Why Steve Kerr’s message to enjoy Warriors' dynasty should’ve been heeded

Steve Kerr knew this season would be different, how could he not?

Still, even the Warriors head coach couldn't have predicted how drastically different his sixth season in the Bay would be. 

Kevin Durant left to become a Net. Klay Thompson likely will miss the entire season rehabbing his torn ACL. Then, Steph Curry broke his left hand and will be re-evaluated in February and D'Angelo Russell missed nine of the first 21 games with a thumb sprain. This has left Kerr to lead a group of rookies, role players and reclamation projects through the NBA season.

Dynasties aren't built to last. Kerr, a six-time NBA champion as a player and coach, knows that. He knows how fleeting championship runs can be. The Warriors have gone from dreaded bully thirsting for June champagne to a champion laying on the canvas as a 12-month recharge washes over them.

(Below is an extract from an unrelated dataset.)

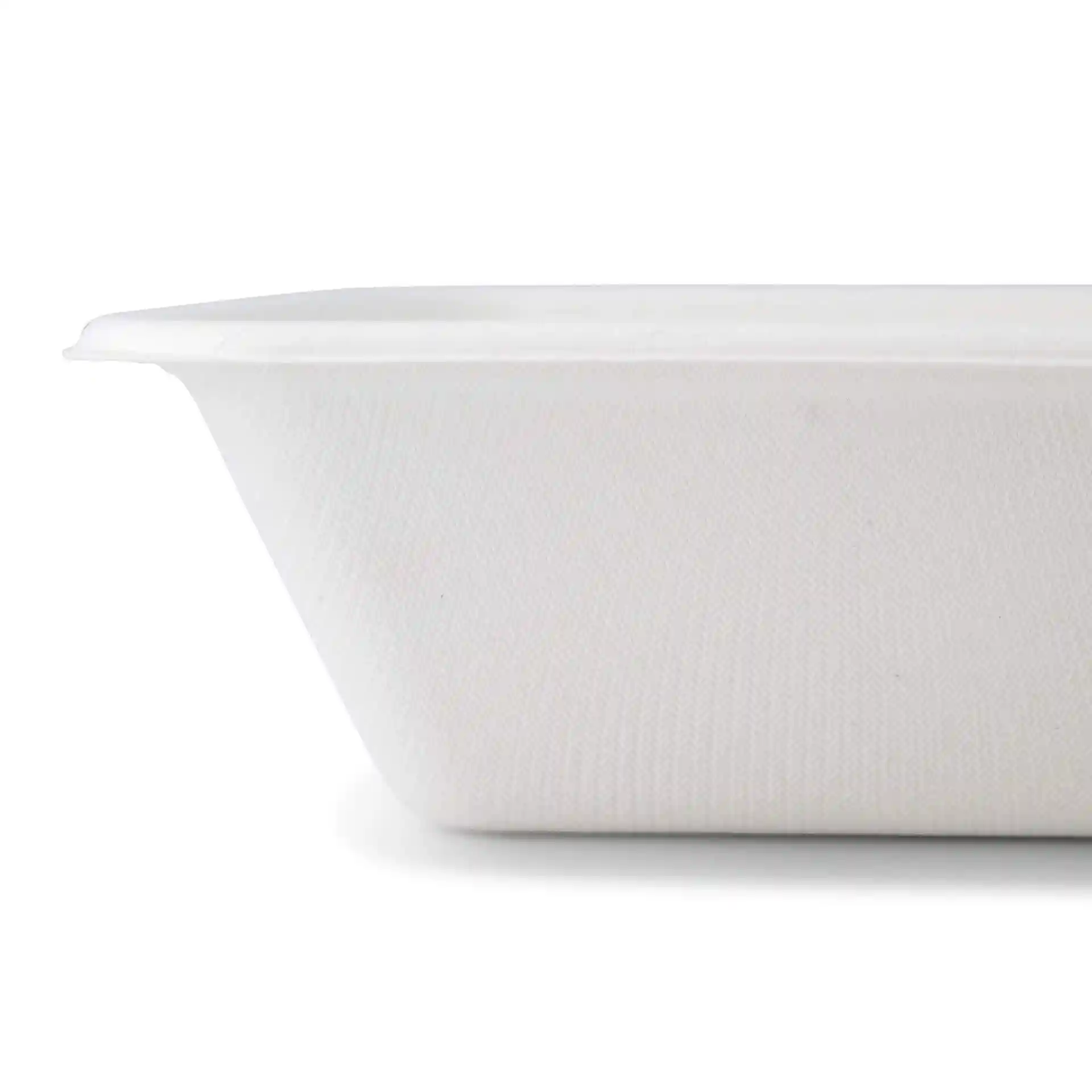 Rectangular white sugarcane tray with two compartments, measuring 23 x 14.5 x 5 cm.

“No,” Kerr laughed when NBC Sports Chicago's K.C. Johnson asked if he thought anyone savored last season's run when he told them to. “It’s human nature to think we’re going to win it again and we’re going to keep going forever. Life changes quickly.

“I talked not only to the media and our fans but to our team. Last year there were several times when I said, ‘This is going to be our best chance to win a championship.’ We’ve got an incredible opportunity that may never come up again. That’s something that’s important for everybody to realize---fans, management, players. It is lightning in a bottle. You can do everything perfectly and you still may not get to where you think you might be.”

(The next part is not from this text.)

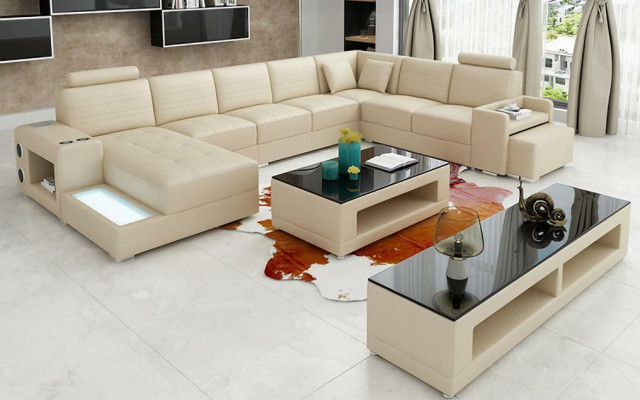 Corner sofa U-shape Sideboard Coffee table Couch Design Black Upholstery Leather Modern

The Warriors will be back. That's the plan at least. This season serves as a reboot point. A mere pitstop in a dynasty that has been paused not concluded.

But plans, even those best laid, rarely go as drawn up. Kerr knows that. That's why he implored everyone from Curry to those sitting in the nosebleeds at Oracle Arena to enjoy one of the most impressive runs in NBA history.

You never know when things will come back, and things surely never will be the way they were when Curry and Warriors were pulverizing teams into oblivion en route to five-straight NBA Finals appearances.

That ride, as Kerr predicted, came to an end.

A new one has begun.

[RELATED: Warriors' plan might draw speculation after two inexplicable losses]

The Warriors sit at 4-19. Rookies Eric Paschall and Ky Bowman have played well, as has veteran swingman Glenn Robinson III. But it's unlikely to amount to many wins this season. It's instead about teaching, about growth for next season when a fully loaded Warriors team will enact its vengeance on an NBA that is taking pleasure in pummeling the wounded champions. 

That will be a sweet moment for Kerr and the Warriors, should it come.

Pleasure, in sports and in life is, fleeting. Titles come. Confetti falls. Elation hits. Then, it's on to next year, and one day, before you've blinked, things are different. The run is over and a new course has been charted.

That course is expected to get the Warriors back to the top soon. If it does, expect everyone to heed Kerr's advice and enjoy the ride.